YOUR TASK: From the entries that follow, copy every line with the word "Clipboard".

RECORDS TO USE:
★ ★ ★ ★

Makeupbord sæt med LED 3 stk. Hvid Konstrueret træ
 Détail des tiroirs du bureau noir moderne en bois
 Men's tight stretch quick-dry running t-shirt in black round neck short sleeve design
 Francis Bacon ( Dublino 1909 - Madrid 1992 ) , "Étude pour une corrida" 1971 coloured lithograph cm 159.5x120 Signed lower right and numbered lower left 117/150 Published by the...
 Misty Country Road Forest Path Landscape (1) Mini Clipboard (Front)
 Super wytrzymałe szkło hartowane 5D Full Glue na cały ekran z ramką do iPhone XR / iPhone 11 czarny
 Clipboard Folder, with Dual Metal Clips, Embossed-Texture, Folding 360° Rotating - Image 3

★ ★ ★ ★

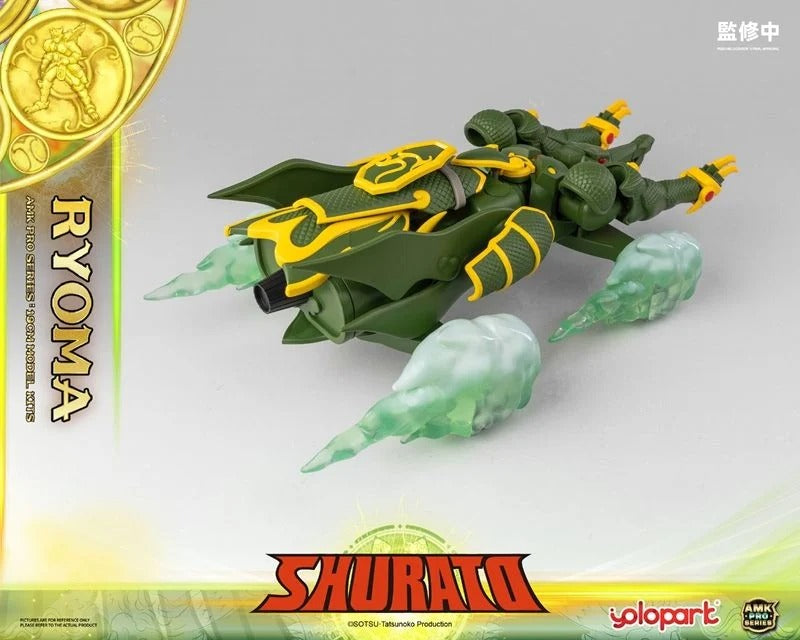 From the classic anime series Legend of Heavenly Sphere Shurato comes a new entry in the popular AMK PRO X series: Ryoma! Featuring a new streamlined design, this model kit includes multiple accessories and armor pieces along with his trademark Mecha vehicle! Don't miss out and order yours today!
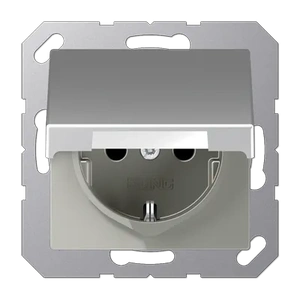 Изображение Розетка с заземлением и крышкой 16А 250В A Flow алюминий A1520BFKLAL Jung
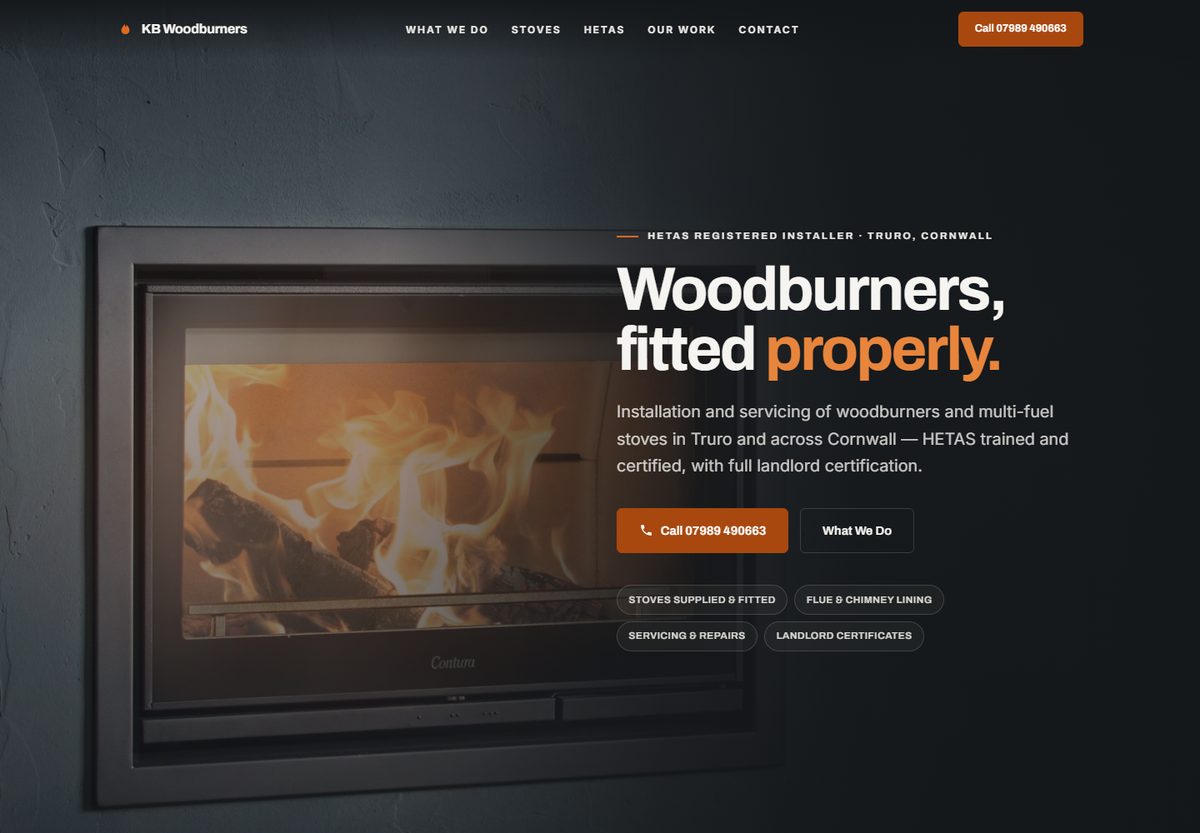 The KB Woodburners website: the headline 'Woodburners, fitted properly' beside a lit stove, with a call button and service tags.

★ ★ ★ ★

RESPONSE:
 Misty Country Road Forest Path Landscape (1) Mini Clipboard (Front)
 Clipboard Folder, with Dual Metal Clips, Embossed-Texture, Folding 360° Rotating - Image 3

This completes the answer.